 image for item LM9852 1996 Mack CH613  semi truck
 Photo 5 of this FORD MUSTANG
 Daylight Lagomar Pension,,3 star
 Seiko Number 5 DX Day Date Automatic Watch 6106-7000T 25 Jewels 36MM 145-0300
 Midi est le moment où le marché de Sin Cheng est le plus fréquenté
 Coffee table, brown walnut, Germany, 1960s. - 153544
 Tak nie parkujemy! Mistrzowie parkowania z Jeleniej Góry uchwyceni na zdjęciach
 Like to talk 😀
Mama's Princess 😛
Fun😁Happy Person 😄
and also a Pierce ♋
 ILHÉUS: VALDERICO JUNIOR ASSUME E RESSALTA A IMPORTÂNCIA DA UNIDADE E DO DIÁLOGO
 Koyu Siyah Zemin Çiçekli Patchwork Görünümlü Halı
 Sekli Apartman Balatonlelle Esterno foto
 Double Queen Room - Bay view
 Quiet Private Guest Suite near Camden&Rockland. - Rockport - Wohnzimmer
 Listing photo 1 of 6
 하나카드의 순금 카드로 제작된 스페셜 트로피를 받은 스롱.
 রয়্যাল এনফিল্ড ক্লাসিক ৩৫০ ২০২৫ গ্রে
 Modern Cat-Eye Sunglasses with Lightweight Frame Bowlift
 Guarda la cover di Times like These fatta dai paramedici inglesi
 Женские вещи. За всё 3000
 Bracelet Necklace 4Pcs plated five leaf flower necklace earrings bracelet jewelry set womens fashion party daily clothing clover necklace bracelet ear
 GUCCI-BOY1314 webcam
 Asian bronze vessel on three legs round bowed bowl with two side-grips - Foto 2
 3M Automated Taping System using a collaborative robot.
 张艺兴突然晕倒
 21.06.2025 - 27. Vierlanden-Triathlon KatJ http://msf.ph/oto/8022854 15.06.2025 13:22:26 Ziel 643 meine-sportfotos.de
· · · · · · ·
■ EXERCISE
Both end lines included, restate word for word the lines above from the line with "Quiet Private Guest" to the line with "Modern Cat-Eye Sunglasses", and nothing else.

■ ANSWER TO THIS TASK
 Quiet Private Guest Suite near Camden&Rockland. - Rockport - Wohnzimmer
 Listing photo 1 of 6
 하나카드의 순금 카드로 제작된 스페셜 트로피를 받은 스롱.
 রয়্যাল এনফিল্ড ক্লাসিক ৩৫০ ২০২৫ গ্রে
 Modern Cat-Eye Sunglasses with Lightweight Frame Bowlift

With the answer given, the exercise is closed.